Si notre cœur est blessé, bonne nouvelle : Jésus vient aujourd’hui pour guérir les cœurs blessés. Lui, Jésus n’a pas besoin de conversion, il n’a pas besoin de revenir à l’origine pour reprendre le bon chemin : il EST le chemin. Si Jésus vient pour être plongé dans le Jourdain, c’est pour que le Jourdain lui-même soit lavé.

Aujourd’hui, si nous le voulons bien, Jésus vient plonger dans notre cœur. Il vient par sa parole, par son corps livré pour nous que nous recevrons tout à l’heure. Voulons-nous le recevoir ?

Lorsque Jésus remonte du Jourdain, la voix du Père retentit : « Toi, tu es mon Fils bien-aimé ; en toi, je trouve ma joie. »

Et nous, est-ce que nous trouvons notre joie en Dieu ? Ce n’est pas un hasard si une bonne partie des textes écrits par le pape François au cours de son pontificat abordent le thème de la joie : « La joie de l’Évangile », « Loué sois-tu ! », « La joie de l’amour », « Réjouissez-vous et soyez dans l’allégresse ».

Notre amitié avec Jésus est d’abord une affaire de joie. Lui-même n’a-t-il pas débuté son enseignement par ce discours bien connu : « Heureux les pauvres de cœur… heureux ceux qui pleurent… heureux les doux etc. » ? Si nous prenons vraiment au sérieux la question de Dieu, lui-même nous promet la joie. Le journaliste Nicolas Diat a publié en 2020 un beau livre intitulé « Le grand bonheur », décrivant la vie des moines de Fontgombault. Comment mieux dire que vivre pour Dieu rend heureux ?

Vivre pour Dieu, qu’est-ce que cela veut dire ? Il ne s’agit pas de devenir tous moines, de devenir des gens sérieux et fermés. Il s’agit, comme le dit saint Paul, de vivre dans le temps présent de manière raisonnable, avec justice et piété. Vivre dans le temps présent, comme des hommes et des femmes d’aujourd’hui, sans se distinguer par notre vêtement ou notre alimentation, mais par une  manière de vivre sage, avec justice et piété.

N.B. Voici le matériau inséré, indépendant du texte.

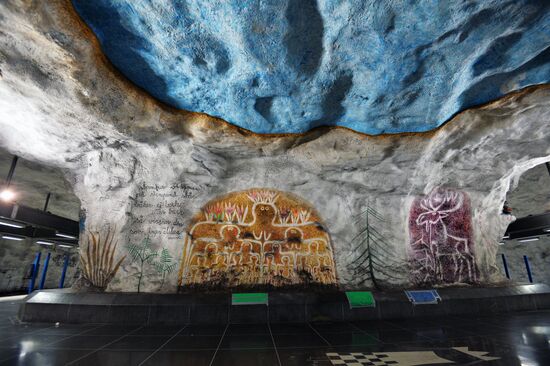 Stockholm metro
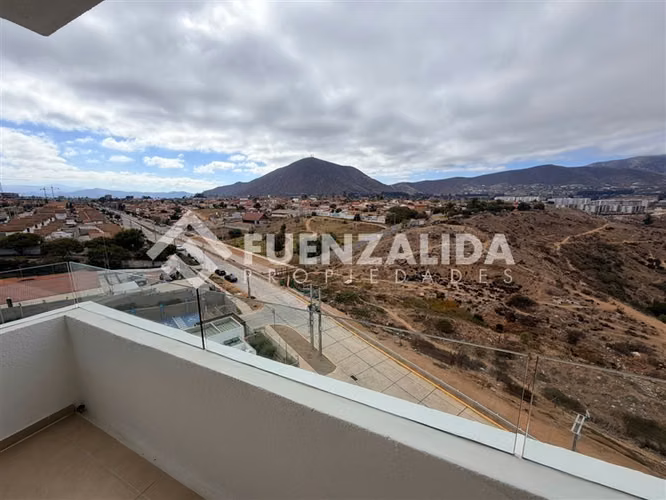 Departamento en arriendo de 2 dorm. en La Serena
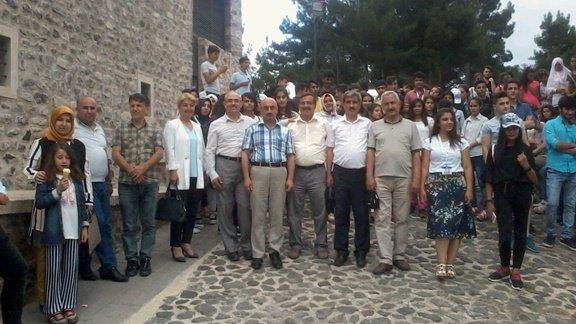 Mardin Derik´ten Gelen Öğrencileri İlçemizde Ağırladık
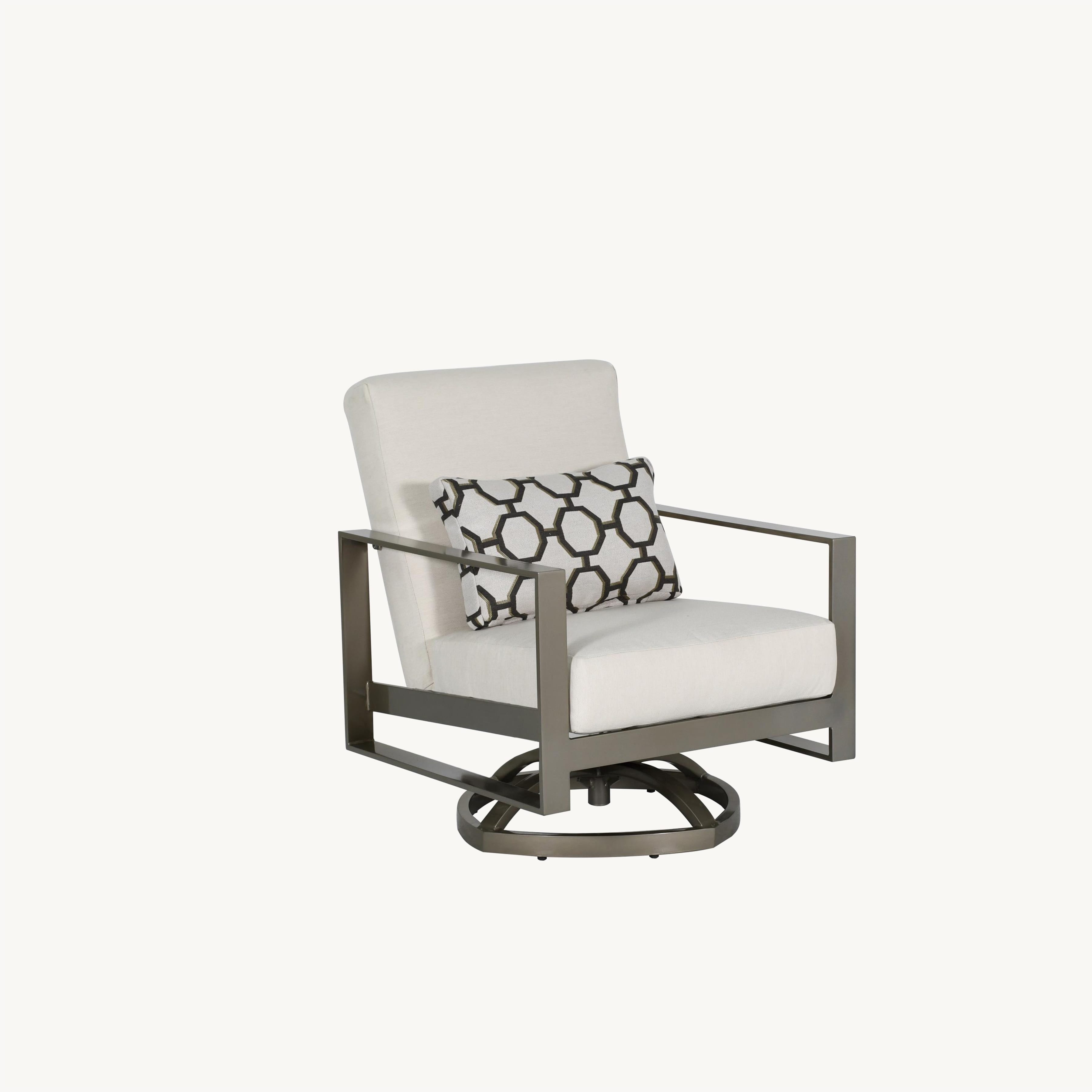 Park Place High Back Swivel Rocker 2235R by Castelle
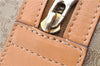 Authentic CELINE Macadam Blason Pattern Hand Boston Bag PVC Leather Beige 2049G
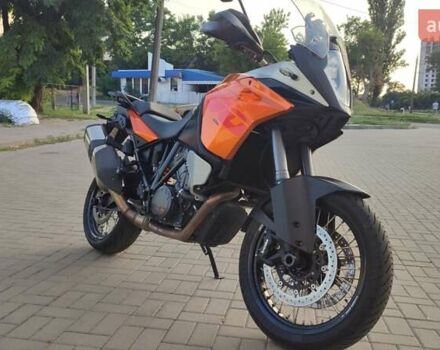 Оранжевый КТМ 1190 Adventure, объемом двигателя 1.2 л и пробегом 59 тыс. км за 9500 $, фото 1 на Automoto.ua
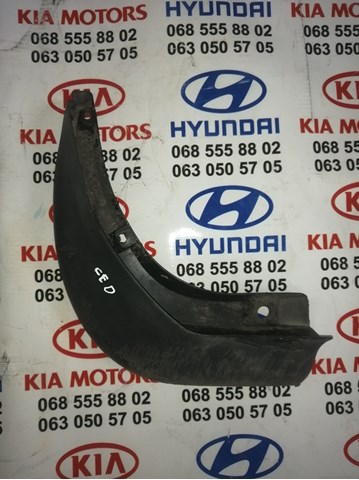 Брызговик задний, левый 868411H000 HYUNDAI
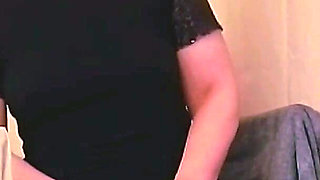 Juicy MILF Wife in the Role of Anal Secretary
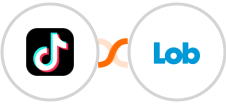 TikTok Lead Generation + Lob Integration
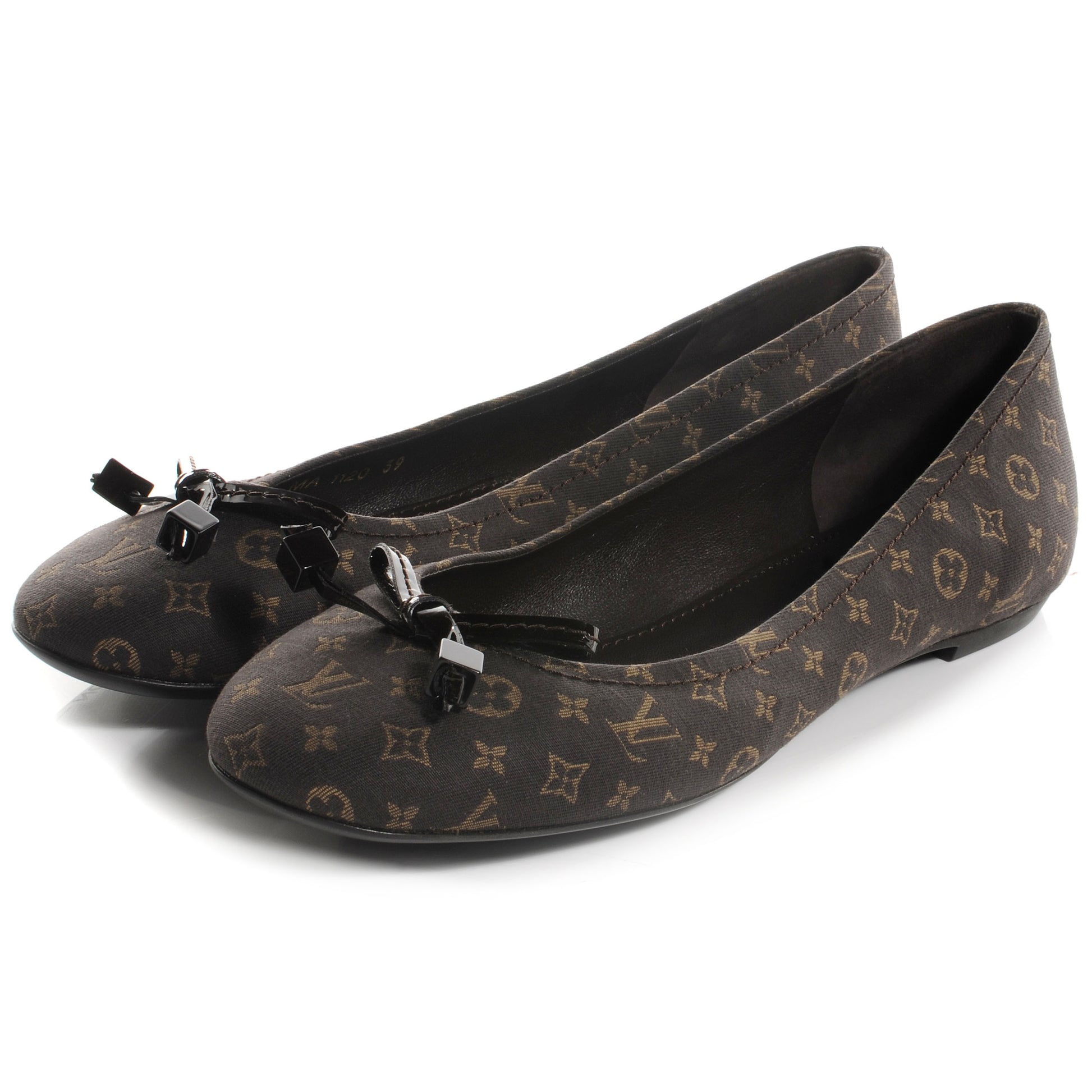 Louis Vuitton Monogram Debbie Ballerina Flats 39 Fusain 3 of 8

La justice, c’est toujours donner à ceux qui nous entourent ce qui leur revient, et ce dont ils ont besoin. A nos parents, le respect. Aux pauvres, la miséricorde. A ceux qui se trompent, la vérité. A ceux qui nous blessent, le pardon. A tout homme, l’amour dû à un enfant bien-aimé de Dieu. Sans oublier de nous aimer nous-même.

La piété, c’est de toujours mettre Dieu à la première place. Donner du temps à Dieu dans la prière, chaque jour. Nous nourrir de sa Parole dans la Bible. Ne manquer volontairement aucune occasion de participer à la messe. Faire toute chose sous le regard de Dieu qui nous dit : « Tu es mon fils bien-aimé. »

Donner à chacun ce qu’il lui faut et donner la première place à Dieu…

Mais, me direz-vous, c’est beaucoup trop difficile… Cela demande un effort, en effet, comme tout ce qui est beau et grand, comme tout ce qui a du prix. Tout le monde n’a pas le courage de faire cet effort, mais je vous promets, à la suite de si nombreux témoins du Christ, qu’il en vaut largement la peine.